The robot human equilibrium

There has been some push back in the media against the notion that we will “soon” be replaced by robots, e.g. see here. But absence of evidence is not evidence of absence. Just because there seem to be very few machine induced job losses today doesn’t mean it won’t happen tomorrow or in ten years. In fact, when it does happen it probably will happen suddenly as have many recent technological changes. The obvious examples are the internet and smartphones but there are many others. We forget that the transition from vinyl records to CDs was extremely fast; then iPods and YouTube killed CDs. Video rentals became ubiquitous from nothing in just a few years and died just as fast when Netflix came along, which was then completely replaced a few years later by streaming video. It took Amazon a little longer to become dominant but the retail model that had existed for centuries has been completely upended in a decade. The same could happen with AI and robots. Unless you believe that human thought is not computable, then in principle there is nothing a human can do that a machine can’t. It could take time to set up the necessary social institutions and infrastructure for an AI takeover but once it is established the transition could be abrupt.

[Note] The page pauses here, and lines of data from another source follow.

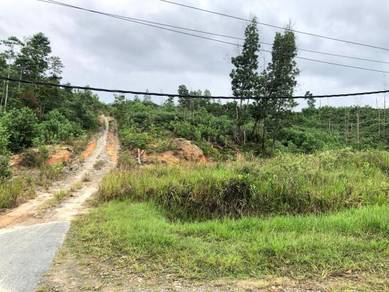 200 acres | Jalan Marak Parak | Kota Marudu | Timbang Batu | Roadside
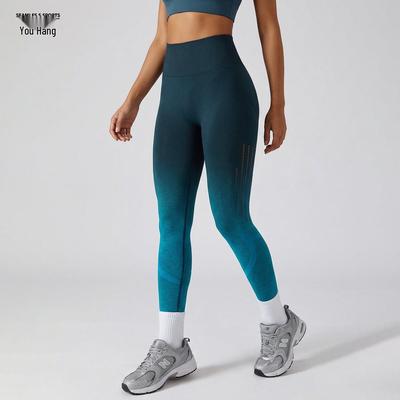 Gradient Series Seamless High Elastic Tummy Control Yoga Pants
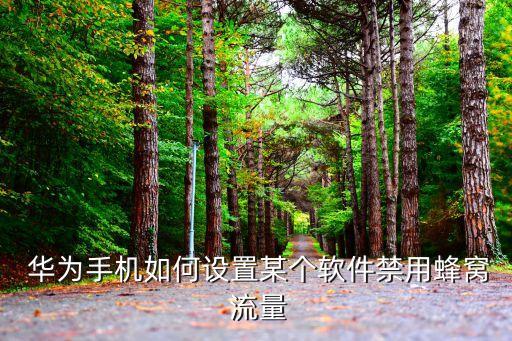  华为手机如何设置某个软件禁用蜂窝 流量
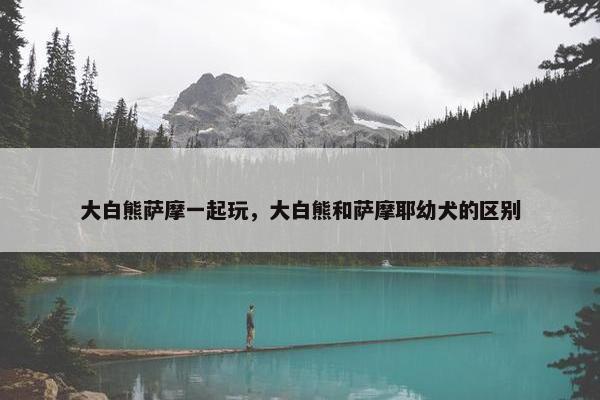 大白熊萨摩一起玩，大白熊和萨摩耶幼犬的区别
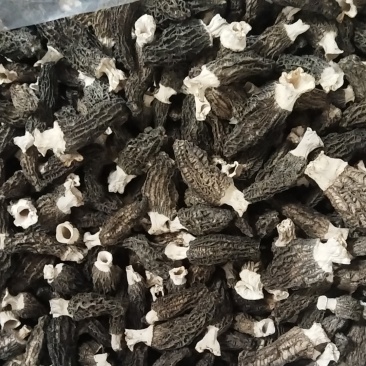 羊肚菌干货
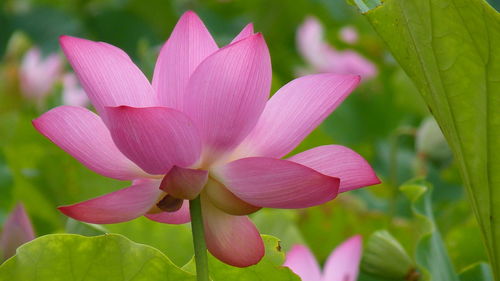 Close-up of pink lotus 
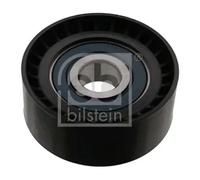 FEBI BILSTEIN 100172 Deflection / guide pulley, V-ribbed belt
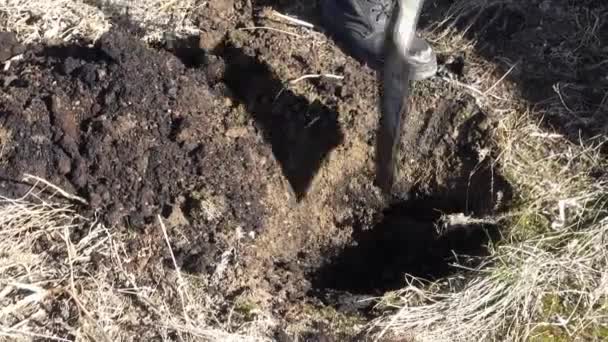 정원사는 삽으로 얼어붙은 토양을 삽으로 파묻는다 나무에 묘목을 — 비디오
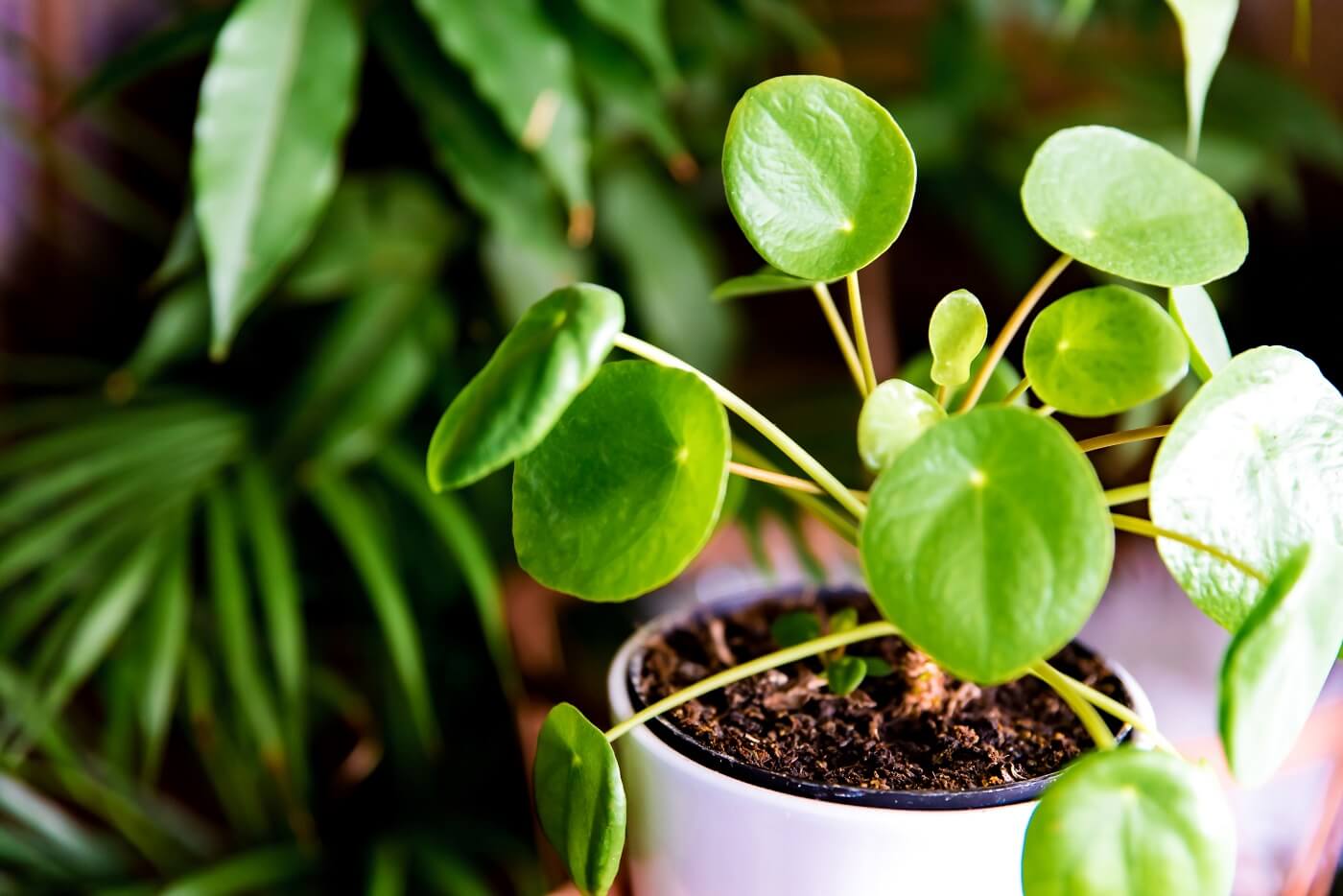 pilea-peperomioides-plantas que atraem dinheiro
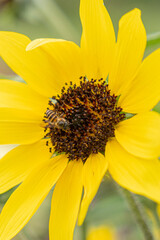 A honeybee collecting nectar from a bright yellow sunflower in full bloom. The detailed close-up highlights the bee's wings and the sunflower's textured center, symbolizing pollination and nature.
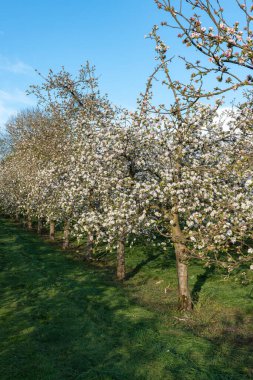 Modern elma bahçesinde elma çiçeği açıyor.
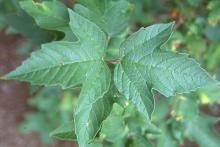 leaves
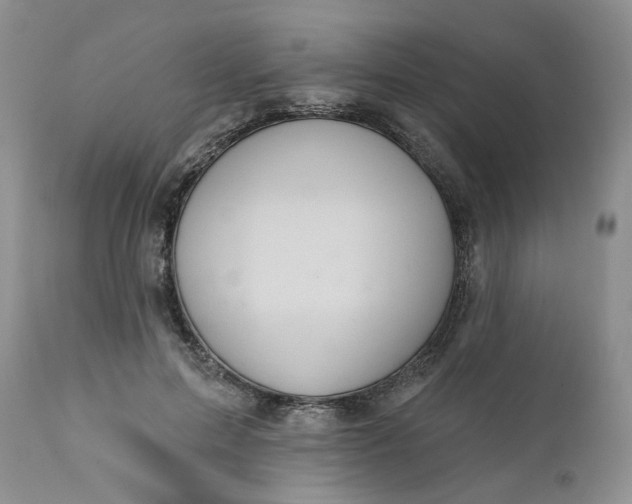 X0000112030599200908241540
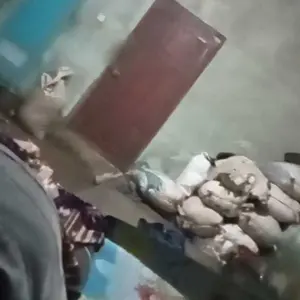 Paket Lepek Kopi Isi 12pcs Alas Kopi dan Piring Kopi - Kitchenware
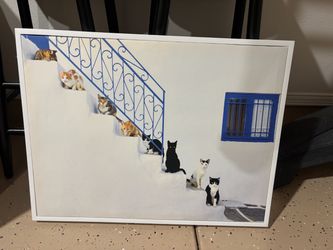 Framed Cats on Stairs Photo Print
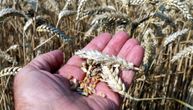Zrna pšenice prazna: Kiša joj sprala zaštitu i uticala na kvalitet, ali je prolećnim usevima prijala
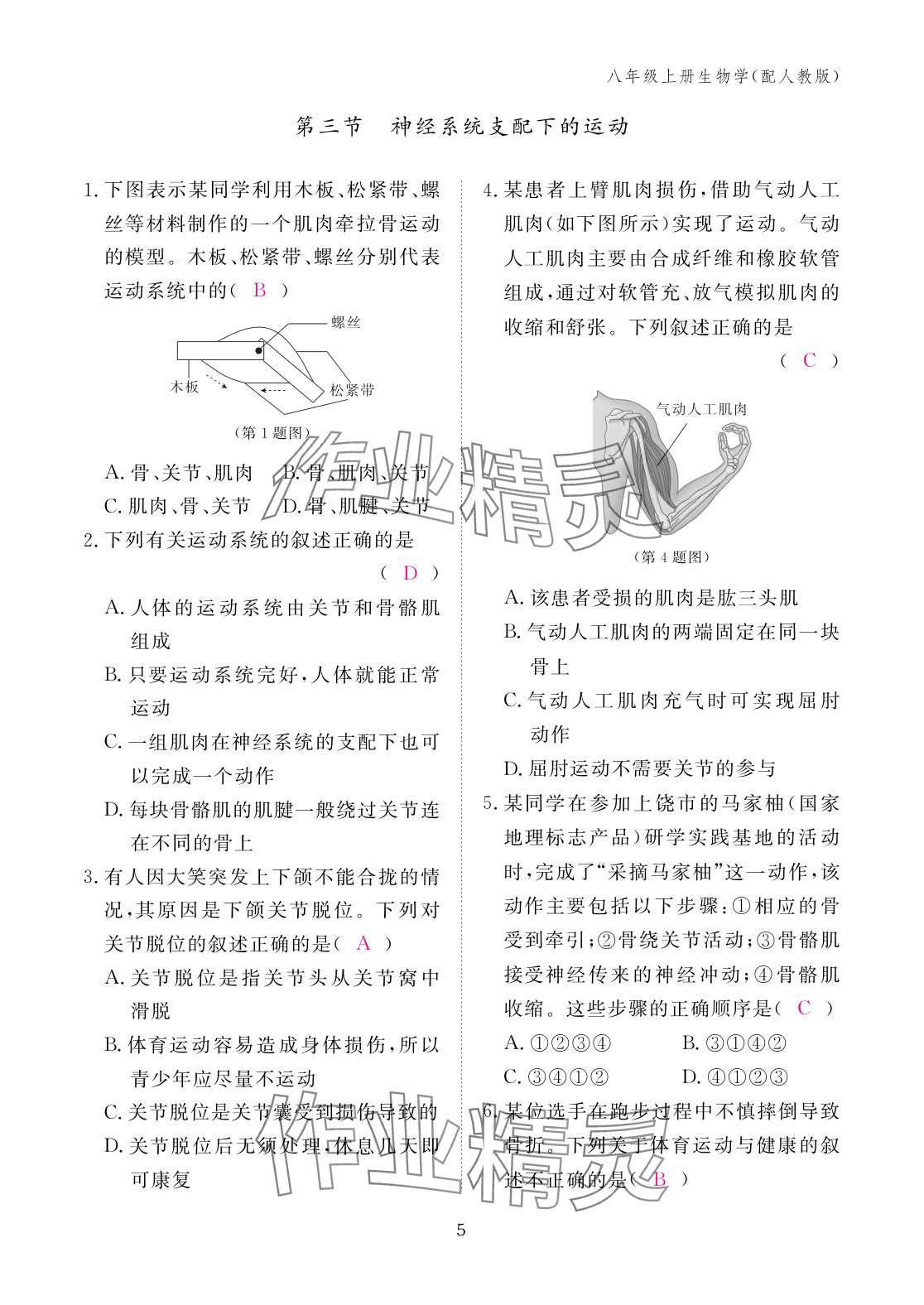 2025年作業本江西教育出版社八年級生物上冊人教版&nbsp;參考答案第5頁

Even so that doesn’t mean all or even most humans will be replaced. The irony of AI, known as Moravec’s Paradox (e.g. here), is that things that are hard for humans to do, like play chess or read X-rays, are easy for machines to do and vice versa. Although drivers and warehouse workers are destined to be the first to be replaced, the next set of jobs will likely be highly paid professionals like stock brokers, accountants, doctors, and lawyers. But as the ranks of the employed start to shrink, the economy will also shrink and wages will go down (even if the displaced do eventually move on to other jobs it will take time). At some point, particularly for jobs that are easy for humans but harder for machines, humans could be cheaper than machines.  So while we can train a machine to be a house cleaner, it may be more cost effective to simply hire a person to change sheets and dust shelves. The premium on a university education will drop. The ability to sit still for long periods of time and acquire arcane specialized knowledge will simply not be that useful anymore. Centers for higher learning will become retreats for the small set of scholarly minded people who simply enjoy it.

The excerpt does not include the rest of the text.